Una crisis que dio con la salida del partido del anterior presidente provincial, Daniel Molina Álvarez y de varios miembros del Comité Ejecutivo Provincial. La dirección nacional del partido eligió una comisión gestora que es la que actualmente dirige en la provincia a Vox, nombrando como presidente y secretaria a los talaveranos Luis Miguel Núñez Gil e Isabel Moreno Carvajal, como vicepresidente a Jesús Rodríguez Tarjuelo de Consuegra y dos vocales, Fernando Marco Aparicio e Isaac Marín Rubio.

 

Esta comisión gestora provocó un fuerte enfrentamiento entre el secretario nacional de Vox, Javier Ortega Smith, y el abogado y anterior presidente provincial, Daniel Molina.
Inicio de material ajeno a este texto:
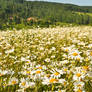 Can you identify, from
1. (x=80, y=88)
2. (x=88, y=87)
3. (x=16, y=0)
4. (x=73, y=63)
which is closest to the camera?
(x=80, y=88)

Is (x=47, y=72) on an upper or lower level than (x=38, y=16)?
upper

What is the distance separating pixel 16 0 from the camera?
603 ft

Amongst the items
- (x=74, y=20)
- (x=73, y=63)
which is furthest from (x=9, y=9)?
(x=73, y=63)

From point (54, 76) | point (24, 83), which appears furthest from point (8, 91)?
point (54, 76)

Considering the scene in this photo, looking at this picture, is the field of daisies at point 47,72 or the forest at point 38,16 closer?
the field of daisies at point 47,72

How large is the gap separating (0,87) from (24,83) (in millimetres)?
437

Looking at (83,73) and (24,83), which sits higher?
(83,73)

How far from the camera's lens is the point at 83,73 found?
5.79ft

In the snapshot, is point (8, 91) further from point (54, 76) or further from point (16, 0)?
point (16, 0)

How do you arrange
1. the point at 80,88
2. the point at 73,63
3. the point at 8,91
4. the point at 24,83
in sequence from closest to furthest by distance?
the point at 80,88 < the point at 24,83 < the point at 8,91 < the point at 73,63

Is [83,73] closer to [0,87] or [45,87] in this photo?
[45,87]

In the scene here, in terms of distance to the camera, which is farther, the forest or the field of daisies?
the forest

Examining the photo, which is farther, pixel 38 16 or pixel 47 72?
pixel 38 16

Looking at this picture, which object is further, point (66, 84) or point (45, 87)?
point (45, 87) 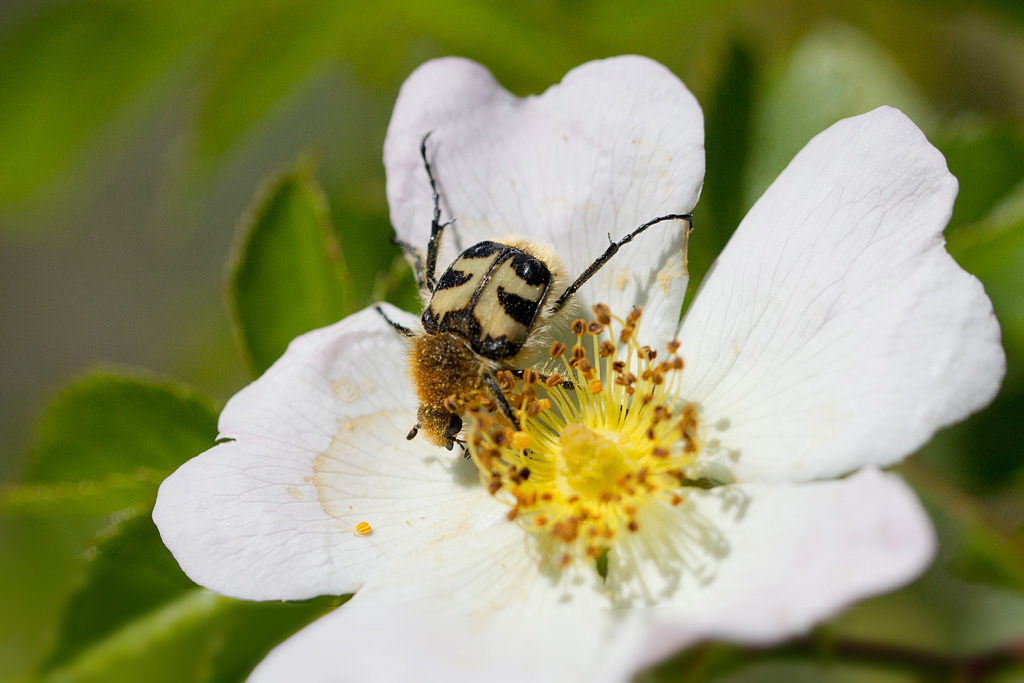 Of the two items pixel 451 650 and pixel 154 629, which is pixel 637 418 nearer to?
pixel 451 650

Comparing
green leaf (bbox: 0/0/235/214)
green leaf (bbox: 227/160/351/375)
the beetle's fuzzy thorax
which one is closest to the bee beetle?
the beetle's fuzzy thorax

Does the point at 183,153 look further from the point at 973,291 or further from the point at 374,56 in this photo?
the point at 973,291

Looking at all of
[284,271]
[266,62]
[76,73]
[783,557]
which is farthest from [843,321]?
[76,73]

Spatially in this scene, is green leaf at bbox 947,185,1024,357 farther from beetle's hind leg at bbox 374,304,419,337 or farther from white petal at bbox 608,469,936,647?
beetle's hind leg at bbox 374,304,419,337

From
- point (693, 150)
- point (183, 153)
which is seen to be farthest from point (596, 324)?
point (183, 153)

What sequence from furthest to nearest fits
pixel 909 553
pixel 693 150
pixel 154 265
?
pixel 154 265 → pixel 693 150 → pixel 909 553

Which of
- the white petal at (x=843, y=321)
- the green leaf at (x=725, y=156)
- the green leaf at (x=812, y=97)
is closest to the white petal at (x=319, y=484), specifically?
the white petal at (x=843, y=321) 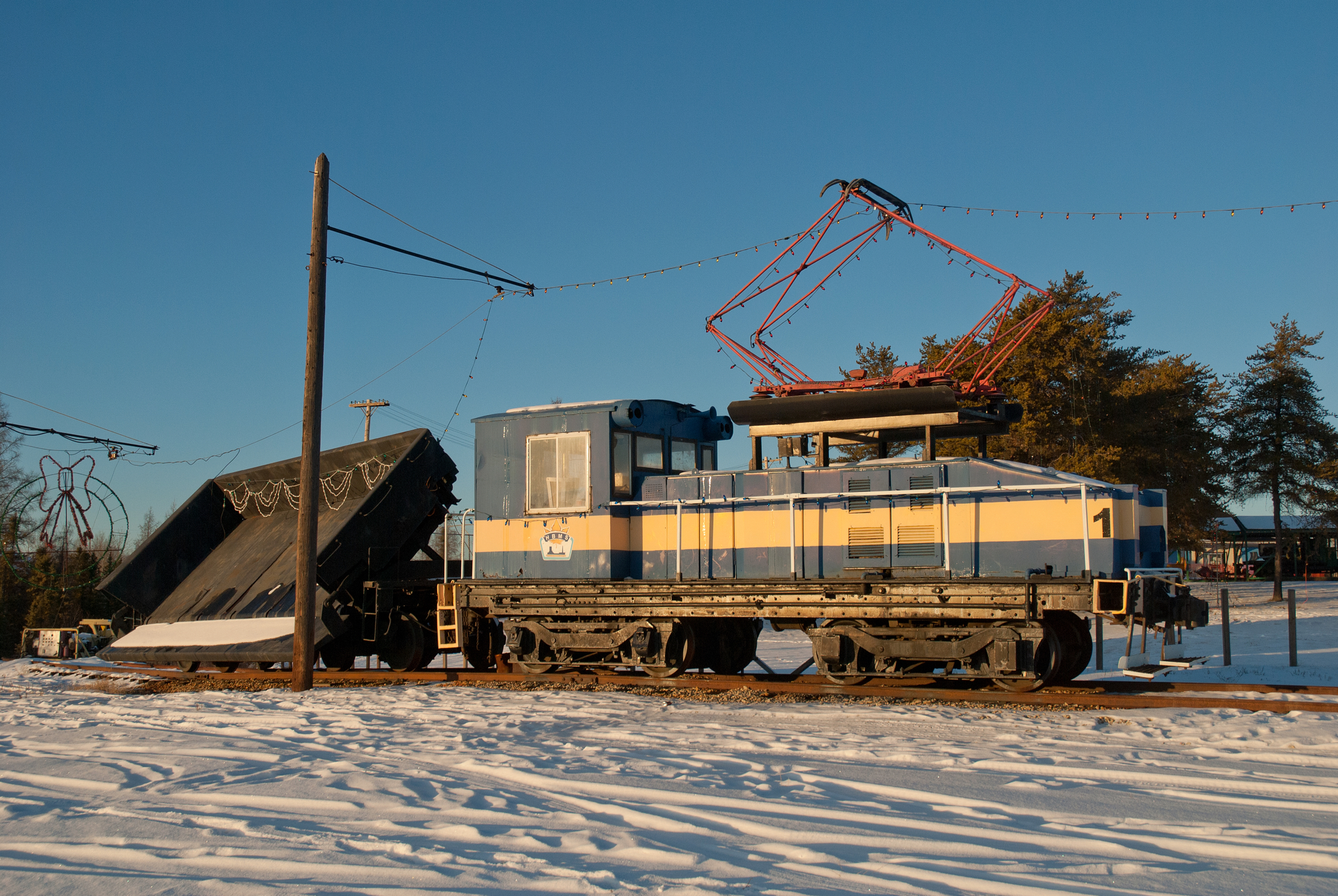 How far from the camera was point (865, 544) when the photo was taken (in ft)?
37.5

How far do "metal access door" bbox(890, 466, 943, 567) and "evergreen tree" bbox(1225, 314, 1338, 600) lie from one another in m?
29.8

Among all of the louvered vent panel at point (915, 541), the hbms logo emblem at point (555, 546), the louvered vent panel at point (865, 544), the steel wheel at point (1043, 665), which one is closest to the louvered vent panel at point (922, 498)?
the louvered vent panel at point (915, 541)

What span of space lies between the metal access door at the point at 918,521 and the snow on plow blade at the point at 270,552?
729cm

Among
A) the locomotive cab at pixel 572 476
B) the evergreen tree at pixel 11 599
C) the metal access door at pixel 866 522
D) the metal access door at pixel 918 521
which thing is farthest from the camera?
the evergreen tree at pixel 11 599

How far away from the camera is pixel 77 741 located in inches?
341

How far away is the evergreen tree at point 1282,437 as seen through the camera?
3556 centimetres

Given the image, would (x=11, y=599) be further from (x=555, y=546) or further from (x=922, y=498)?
(x=922, y=498)

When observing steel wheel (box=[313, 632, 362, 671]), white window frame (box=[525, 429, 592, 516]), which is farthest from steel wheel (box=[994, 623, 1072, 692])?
steel wheel (box=[313, 632, 362, 671])

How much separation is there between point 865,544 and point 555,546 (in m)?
3.93

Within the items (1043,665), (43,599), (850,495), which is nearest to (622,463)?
(850,495)

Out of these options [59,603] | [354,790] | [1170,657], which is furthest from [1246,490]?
[59,603]

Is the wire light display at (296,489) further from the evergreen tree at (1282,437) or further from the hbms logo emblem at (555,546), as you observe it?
the evergreen tree at (1282,437)

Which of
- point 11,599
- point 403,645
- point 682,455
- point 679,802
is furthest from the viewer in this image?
point 11,599

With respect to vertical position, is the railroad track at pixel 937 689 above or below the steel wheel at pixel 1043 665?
below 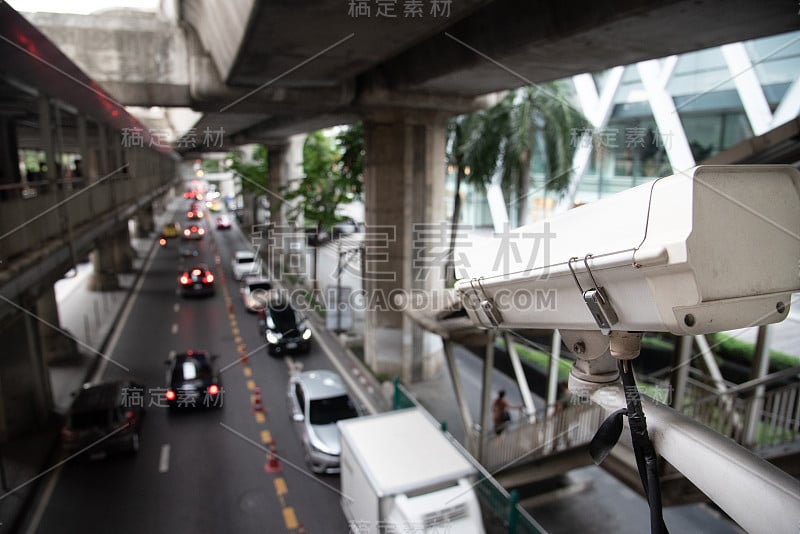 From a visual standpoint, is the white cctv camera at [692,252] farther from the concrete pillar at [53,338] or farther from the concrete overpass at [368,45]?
the concrete pillar at [53,338]

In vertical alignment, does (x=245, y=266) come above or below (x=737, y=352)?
above

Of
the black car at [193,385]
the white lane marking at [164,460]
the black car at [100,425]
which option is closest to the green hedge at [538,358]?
the black car at [193,385]

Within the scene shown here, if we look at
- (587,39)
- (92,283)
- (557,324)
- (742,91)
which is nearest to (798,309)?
(742,91)

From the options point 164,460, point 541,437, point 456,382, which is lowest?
point 164,460

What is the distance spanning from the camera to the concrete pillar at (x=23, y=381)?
397 inches

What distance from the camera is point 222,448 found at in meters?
10.0

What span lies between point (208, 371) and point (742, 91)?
43.8 ft

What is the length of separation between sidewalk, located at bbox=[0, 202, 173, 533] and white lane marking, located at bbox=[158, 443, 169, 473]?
5.71 ft

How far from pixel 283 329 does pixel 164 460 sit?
259 inches

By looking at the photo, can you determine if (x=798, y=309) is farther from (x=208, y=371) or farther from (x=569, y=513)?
(x=208, y=371)

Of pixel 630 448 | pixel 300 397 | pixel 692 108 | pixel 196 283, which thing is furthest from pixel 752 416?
pixel 196 283

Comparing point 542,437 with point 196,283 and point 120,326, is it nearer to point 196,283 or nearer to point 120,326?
point 120,326

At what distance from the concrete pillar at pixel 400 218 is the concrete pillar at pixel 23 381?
24.1ft

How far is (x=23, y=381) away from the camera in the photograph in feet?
34.1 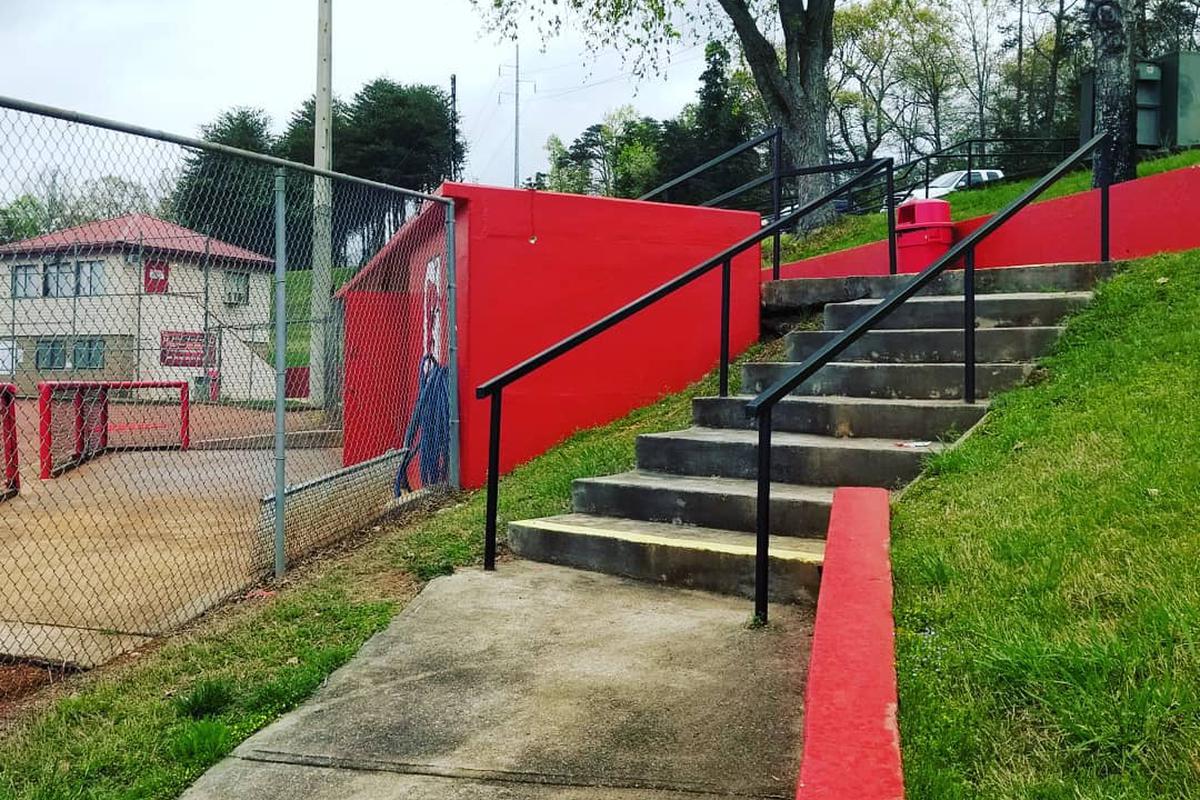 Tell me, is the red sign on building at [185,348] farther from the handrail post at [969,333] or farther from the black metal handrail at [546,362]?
the handrail post at [969,333]

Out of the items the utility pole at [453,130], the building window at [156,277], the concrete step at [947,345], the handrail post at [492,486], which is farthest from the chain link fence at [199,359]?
the utility pole at [453,130]

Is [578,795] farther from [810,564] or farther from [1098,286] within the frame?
[1098,286]

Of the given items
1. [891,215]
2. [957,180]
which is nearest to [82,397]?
[891,215]

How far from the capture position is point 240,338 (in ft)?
18.7

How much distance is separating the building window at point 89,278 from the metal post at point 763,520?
9.47ft

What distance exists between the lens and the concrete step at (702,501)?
4.22 m

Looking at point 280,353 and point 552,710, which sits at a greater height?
point 280,353

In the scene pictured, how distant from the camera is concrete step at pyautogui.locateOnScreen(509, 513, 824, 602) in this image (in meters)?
3.69

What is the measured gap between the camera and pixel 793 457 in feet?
15.6

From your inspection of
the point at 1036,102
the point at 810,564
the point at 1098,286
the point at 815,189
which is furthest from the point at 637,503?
the point at 1036,102

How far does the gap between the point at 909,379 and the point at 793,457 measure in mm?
1100

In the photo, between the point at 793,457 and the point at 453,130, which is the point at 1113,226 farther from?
the point at 453,130

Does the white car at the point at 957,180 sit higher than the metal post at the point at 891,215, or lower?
higher

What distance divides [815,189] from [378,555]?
37.6 ft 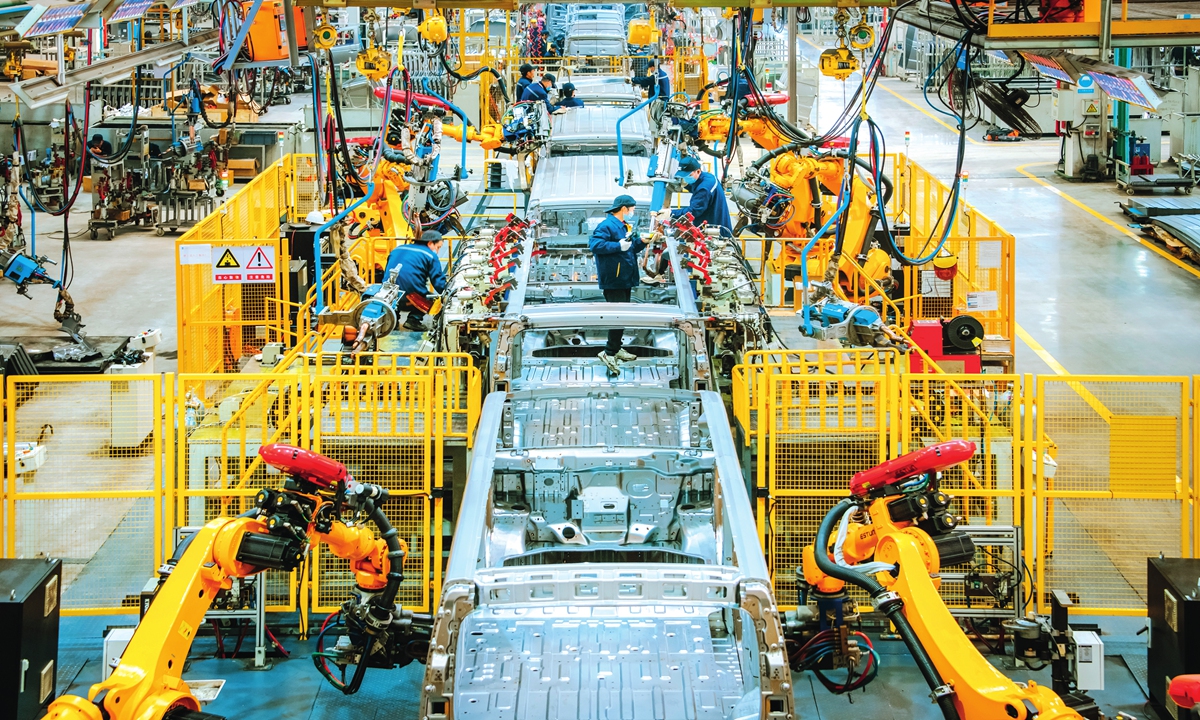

Este en una carta dirigida a Ortega Smith le decía: “Estimado señor Javier Ortega Smith, desde mi apreciación de perfilador forense de personalidad criminal, máster que acabé tras el grado en Derecho y segundo master de la Abogacía, así doctorando en Ciencias Jurídicas y Sociales, la imagen que usted me ha dado, y perdóneme que le perfile su personalidad, pero es lo que uno puede llegar a saber de usted, desde mi más pequeña ignorancia es que es un tipo mesomorfo, antisocial en cuanto al desprecio y violación de los derechos de los demás y, sobre todo, narcisista. El trastorno narcisista de la personalidad es uno de los más conocidos y se caracteriza por un patrón de grandiosidad, necesidad de admiración y falta de empatía. Los comportamientos más típicos de este problema son: fantasías constantes de éxito, creencia de que es especial y único y que sólo puede ser comprendido o relacionarse con personas de su status, exige admiración excesiva, carece de empatía”.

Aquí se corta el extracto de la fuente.